Tulsiani D R, Touster O
Department of Molecular Biology, Vanderbilt University, Nashville, Tennessee 37235.
J Biol Chem. 1988 Apr 15;263(11):5408-17.
Rat liver Golgi membranes contain two alpha 1,2-specific mannosidases (IA and IB) (Tulsiani, D. R. P., Hubbard, S. C., Robbins, P. W., and Touster, O. (1982) J. Biol. Chem. 257, 3660-3668). Mannosidase IA has now been purified to apparent homogeneity by detergent extraction and (NH4)2SO4 precipitation, followed by Sephacryl S-300, ion-exchange, and hydroxylapatite chromatography. The enzyme was homogeneous by nondenaturing polyacrylamide gel electrophoresis with different gel concentrations, and Ferguson plot analysis indicated an Mr of 230,000 for the native enzyme. Although electrophoresis under denaturing conditions generally gave a subunit Mr of 57,000, electrophoresis of less than 1 microgram of protein yielded a faint doublet of Mr 57,000 and 58,000. Thus, the enzyme appears to be a tetramer with four very similar subunits. The enzyme bound to concanavalin A-Sepharose 4B only when it was kept in contact with the lectin for 16 h. Endoglycosidase H treatment resulted in loss of its binding to the lectin, without leading to a detectable change in the size of the enzyme subunit. On electrophoretic gels, the enzyme gave a faint positive stain with periodic acid-Schiff's base. The enzyme contained about 0.9% hexose by direct analysis. It did not bind to affinity resins specific for neuraminic acid, galactose, or N-acetylglucosamine. All these studies suggest that the enzyme is a glycoprotein containing only one or two clusters of high mannose oligosaccharide. Mannosidase IA is active toward oligosaccharides containing alpha 1,2-linked mannosyl residues. [3H]Man9GlcNAc, [3H] Man8GlcNAc, [3H]Man7GlcNAc, and [3H]Man6GlcNAc are good substrates. Man9GlcNAc, the best substrate, yields Man8, Man7, and Man6 derivatives with structures suggesting that the sequence of release of mannose residues is rather specific. Immunoprecipitation studies using polyclonal antibody (IgG) prepared against homogeneous mannosidase IA cross-reacted with mannosidase IB, a result suggesting that these two enzymes share antigenic determinants. However, no cross-reactivity was observed with rat liver cytosolic and lysosomal alpha-D-mannosidases or with Golgi mannosidase II.
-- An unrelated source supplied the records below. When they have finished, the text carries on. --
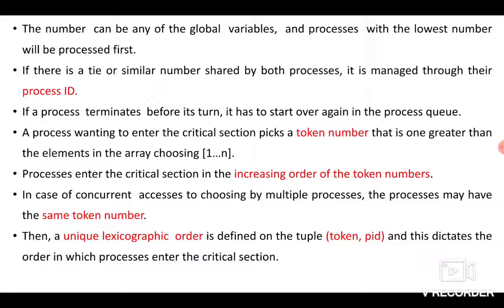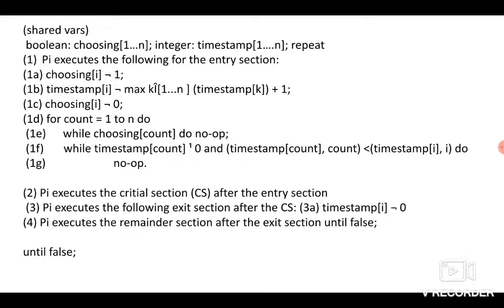If a process is willing to enter the critical section, it should get a token number. The token number is one greater than the maximum element in the array choosing[1..n]. Processes enter the critical section in increasing order of token number — the process with the minimum token number goes first. In case of a tie, you use the unique lexicographic order of the tuple (token, process ID) to decide which process gets access to the critical section.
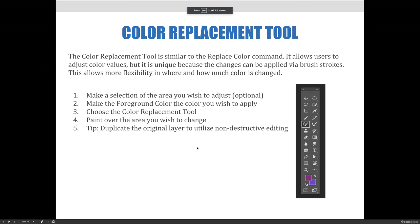Another way to retouch color is with the color replacement tool. This tool is similar to the replace color command. It allows you to adjust color values, but it's unique because the changes can be applied using brushstrokes. This gives more flexibility as to where and how much color is changed.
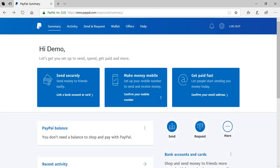So that concludes my tutorial on the five minute setup of a PayPal account. As you can see, it's quite simple and easy to do.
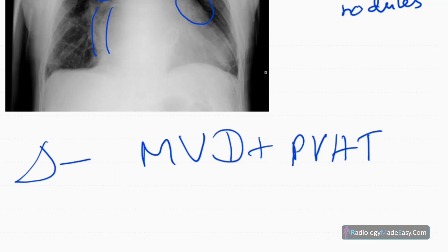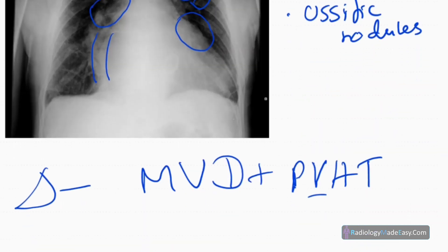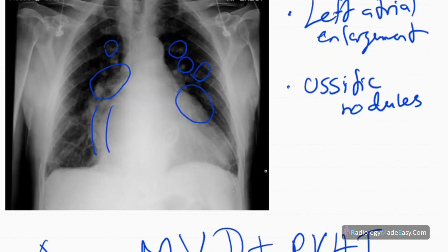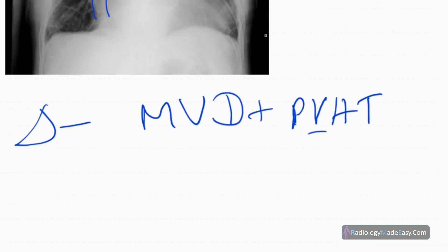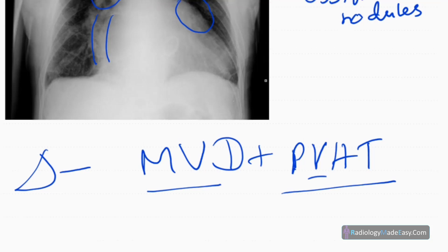Pulmonary venous hypertension is present, and the key features of this disease in summary are: double right heart border, splaying of the carina, mitral valve replacement surgery, enlarged left atrial appendage, enlargement of pulmonary vessels, and pulmonary ossific nodules. So the diagnosis in this patient is mitral valve disease with pulmonary venous hypertension.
大鼠肝脏高尔基体膜含有两种α1,2-特异性甘露糖苷酶(IA和IB)(图尔西亚尼,D.R.P.,哈伯德,S.C.,罗宾斯,P.W.,和图斯特,O.(1982年)《生物化学杂志》257卷,3660 - 3668页)。甘露糖苷酶IA现已通过去污剂提取和硫酸铵沉淀,随后经Sephacryl S - 300、离子交换和羟基磷灰石柱色谱法纯化至表观均一。该酶在不同凝胶浓度的非变性聚丙烯酰胺凝胶电泳中表现为均一,弗格森图分析表明天然酶的Mr为230,000。虽然在变性条件下电泳通常得到亚基Mr为57,000,但小于1微克蛋白质的电泳产生了微弱的Mr为57,000和58,000的双峰。因此,该酶似乎是由四个非常相似的亚基组成的四聚体。该酶只有在与伴刀豆球蛋白A - Sepharose 4B接触16小时后才会与之结合。内切糖苷酶H处理导致其与凝集素的结合丧失,但未导致酶亚基大小出现可检测到的变化。在电泳凝胶上,该酶用高碘酸 - 希夫碱染色呈微弱阳性。通过直接分析,该酶含有约0.9%的己糖。它不与针对神经氨酸、半乳糖或N - 乙酰葡糖胺的亲和树脂结合。所有这些研究表明该酶是一种糖蛋白,仅含有一或两个高甘露糖寡糖簇。甘露糖苷酶IA对含有α1,2 - 连接甘露糖残基的寡糖有活性。[3H]Man9GlcNAc、[3H]Man8GlcNAc、[3H]Man7GlcNAc和[3H]Man6GlcNAc是良好的底物。最佳底物Man9GlcNAc产生Man8、Man7和Man6衍生物,其结构表明甘露糖残基的释放顺序相当特异。使用针对均一甘露糖苷酶IA制备的多克隆抗体(IgG)进行的免疫沉淀研究与甘露糖苷酶IB发生交叉反应,这一结果表明这两种酶共享抗原决定簇。然而,未观察到与大鼠肝脏胞质和溶酶体α - D - 甘露糖苷酶或高尔基体甘露糖苷酶II的交叉反应。